Attention également, la perte involontaire du matériel de l’entreprise par le salarié, sa dégradation ou son vol au cours de l’exécution du contrat de travail ne permet pas à l’employeur de déduire de son salaire ou de son solde de tout compte le montant préjudiciable, sauf faute lourde (qui nécessite de démontrer l’intention de nuire, et permet d’engager la responsabilité pécuniaire du salarié) (Cass. Soc., 19 octobre 1995 n°94-41.146 ; Cass. Soc. 20 avril 2005 n°03-40.069 ; Cour d’appel de Paris, 18 juin 2013, nº11/05492).

6. Comment faire pour solliciter en justice la restitution des biens ou matériels de l’entreprise ?

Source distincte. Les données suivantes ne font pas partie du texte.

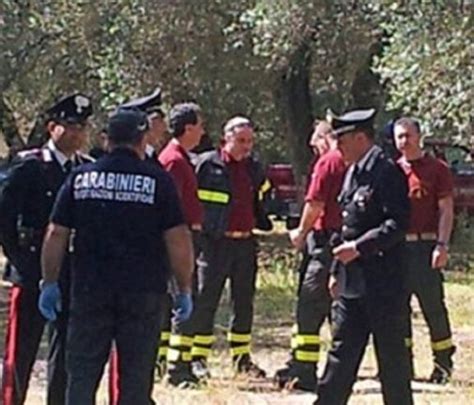 San Paolo Di Civitate Recuperato Un Corpo Senza Vita In Un Pozzo L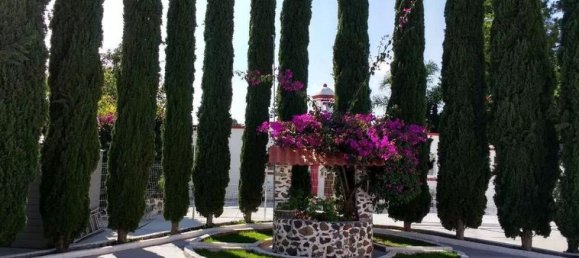 Casa de 4 dormitorios en Querétaro, Mexico No. 188699 2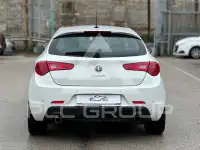 2016 Alfa Romeo Giulia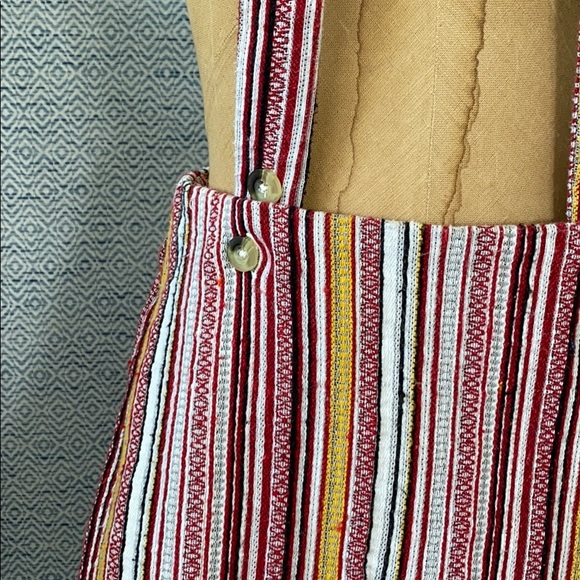 Urban Outfitters Overall Skirt - Picture 2 of 6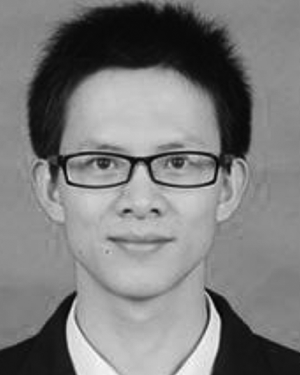 Liu Shengquan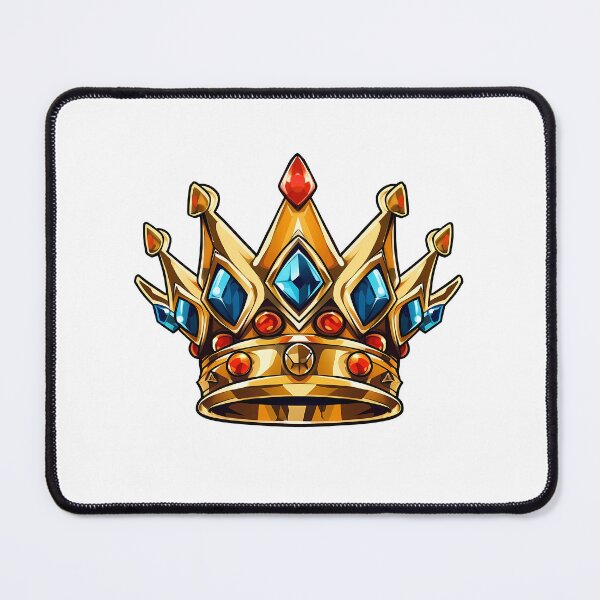 Item preview, Crown of Kings designed and sold by ebialonestar.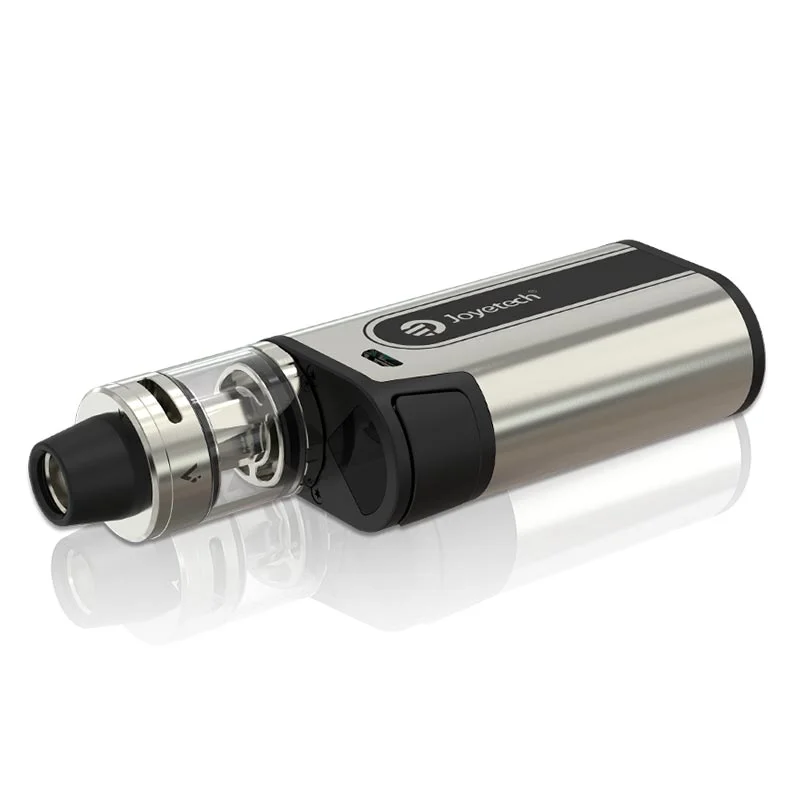 Joyetech Cubox + Cubis 2 Atomizer Yellow product.details.thumbnail 3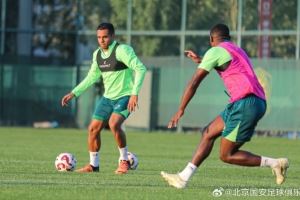 新的一周 全力以赴 目标下一场🎯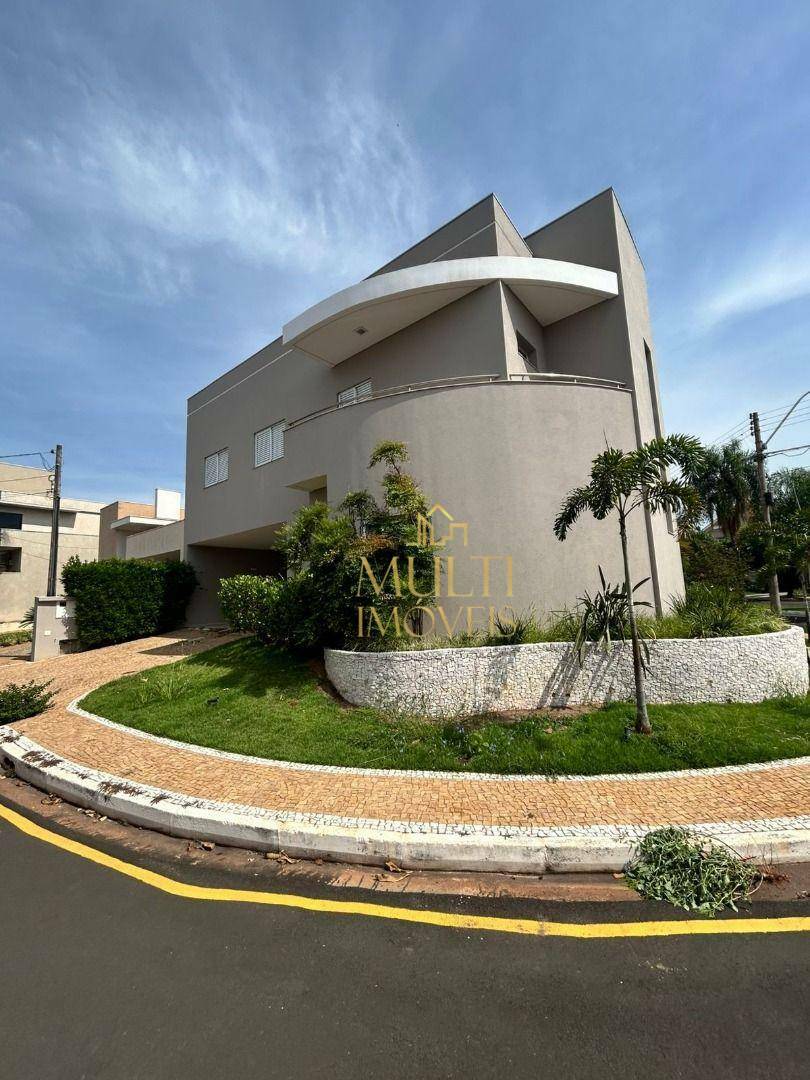 Sobrado à venda e aluguel com 5 quartos, 430m² - Foto 31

Vous avez plusieurs possibilités, qui peuvent être utilisées cumulativement :

  • La plainte pénale pour abus de confiance, avec constitution de partie civile ;
  • La saisine du Conseil de prud’hommes en référé (procédure d’urgence), avec la demande de fixation d’une astreinte par jour de retard (Cass. Soc. 30 juin 2011 n°10-17.773) ;
  • La saisine du Conseil de prud’hommes au fond pour solliciter une indemnisation du préjudice subi du fait de l’absence de restitution ou de la restitution tardive des biens et matériels de l’entreprise (Par exemple : en cas de restitution tardive de son véhicule de fonction après la rupture de son contrat de travail, indemnisation correspondant aux loyers hors taxes supportés par l’employeur à partir de la date où la salariée en a été informée, c’est-à-dire la date de réception de la mise en demeure de restituer le matériel (Cour d’Appel de Paris, 25 mai 2022, n°19/08736).

Pour le logement, l’éviction du salarié ne pourra être demandé par l’employeur qu’en respectant une procédure plus contraignante devant le juge de l’exécution, compte tenu du principe du droit au logement (Cour d’appel de Reims, 27 juin 2012, n°10/02323).